Bobigny (93) : quatre collègues en collège sont menacés de sanctions et de mutations forcées alors que leur dossier administratif censé contenir toutes les pièces des faits reprochés est vide. Leur point commun : être syndiqués et très impliqués dans la vie de ce collège, bastion syndical toujours en pointe des mouvements sociaux dans le département de la Seine-Saint-Denis.

Villefranche/Saône (69) : une professeure est passée au tribunal. Ce qui lui est reproché ? Une action non violente et médiatique au sein du collectif Alternatiba. En effet, elle est allée avec d’autres décrocher le portrait de Macron dans la salle des mariages d’une commune de l’Ain pour sensibiliser sur la gravité de l’urgence climatique. Le portrait ne sera rendu que lorsque des actions concrètes seront mises en œuvre pour la sauvegarde de la planète et des générations futures.

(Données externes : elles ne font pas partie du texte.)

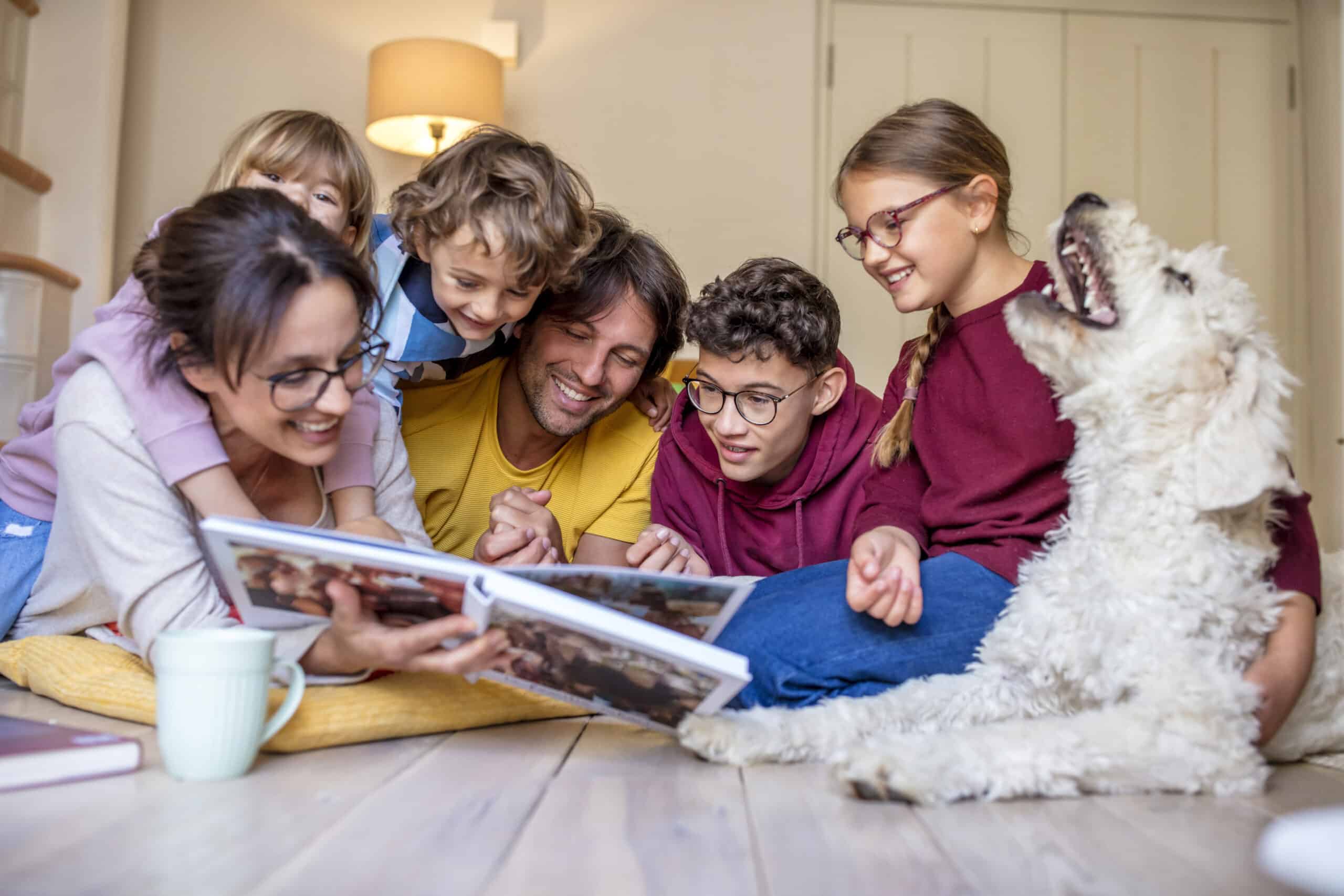 Eine sechsköpfige Familie, darunter drei Kinder, ein Teenager und zwei Erwachsene, sitzt auf dem Boden eines gemütlichen Zimmers und schaut sich glücklich ein Fotoalbum an. Ein flauschiger Hund sitzt neben ihnen und trägt zur fröhlichen Atmosphäre bei. Im Vordergrund steht eine weiße Kaffeetasse auf dem Boden. © Fotografie Tomas Rodriguez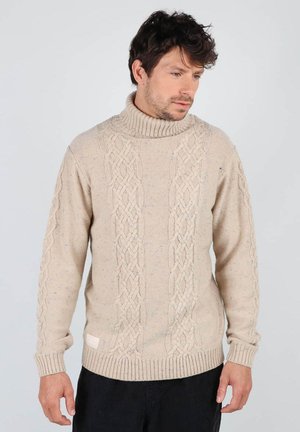 Pull en maille beige avec col roulé, design en torsades, poignets et ourlet côtelés, et détails en texture mouchetée. Présente une petite étiquette de marque.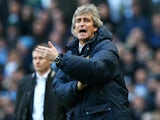 Manuel Pellegrini the Manchester City manager reacts as Ole Gunnar Solskjaer the Cardiff manager looks on during the Barclays Premier League match on January 18, 2014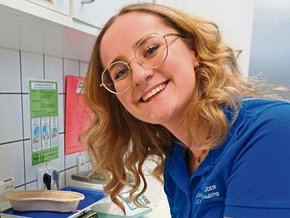Junge Frau in blauem Shirt mit halblangen blonden gewellten Haaren und Brille mit goldenem Gestellt sowie blauen Handschuhen und Glasplättchen vor sich lacht seitlich in die Kamera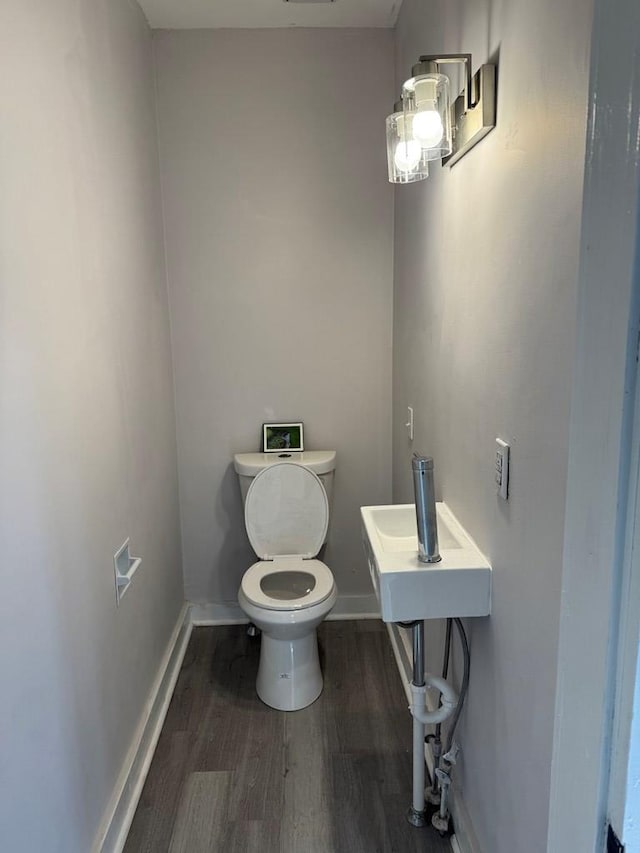 half bathroom with toilet, baseboards, and wood finished floors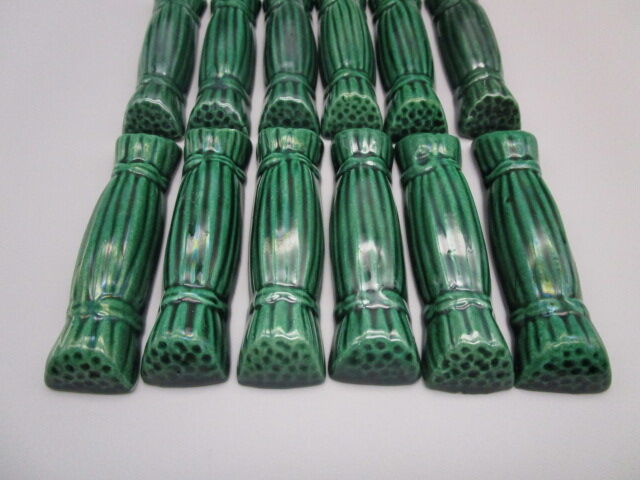 12 vintage ceramic knife holders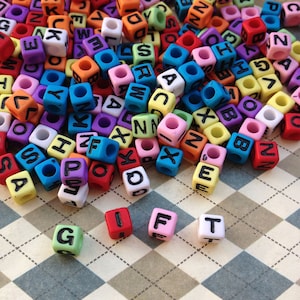 Può includere: Un mucchio di perline di plastica colorate a forma di lettere, con le lettere G, I, F e T scritte su una superficie a scacchi.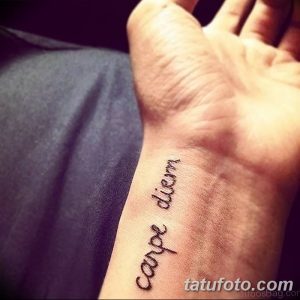 Фото тату надписи 'carpe diem' на запястье. Простая, черная надпись, выполненная тонким шрифтом, выглядит элегантно и ненавязчиво.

Amiens (80) : samedi 25 mai, le centre-ville a été bouclé rue par rue par les forces de répression. Tout autour, de petits groupes munis de gilets jaunes et de pancartes ont contourné le dispositif policier pour converger vers la gare.
Depuis le matin, le harcèlement policier ne s’est pas interrompu : fouilles au corps permanentes (jusqu’à quatre pour arriver jusqu’au cortège), contrôles de l’identité des militant·e·s des organisations syndicales et politiques qui installaient les stands au départ de la manifestation.
Les forces de répression ont monté une souricière pour les manifestant·e·s destinée à les empêcher de suivre le parcours déposé en préfecture. Le dispositif déployé, tant par les effectifs massifs que par les moyens déployés (hélicoptère, canons à eau, hurlement permanent des sirènes des camions de CRS et de gendarmes) relevait d’une véritable stratégie de la tension anxiogène de la part du pouvoir.
Au moment de la dispersion, les manifestant·e·s qui quittaient pourtant les lieux de leur propre chef ont été chargé·e·s, gazé·e·s, frappé·e·s. 70 personnes ont été interpellées. Parmi elles, des mineur·e·s, des camarades de Solidaires 59, et deux camarades de SUD éducation identifiables aisément par leur affichage syndical, dont la porte-parole de Solidaires Somme.
Ce sont là de véritables entraves au droit de manifester. Castaner n’hésite pas un seul instant à faire instituer la répression syndicale.

Lodève (34) : un directeur d’école s’est permis de critiquer la politique actuelle de notre ministre sur une radio locale. Le DASEN de l’Hérault n’a visiblement pas apprécié puisqu’il a convoqué ce collègue pour un entretien de «  recadrage  ». Il lui a ensuite reproché par courrier son attitude vis-à-vis de la politique ministérielle !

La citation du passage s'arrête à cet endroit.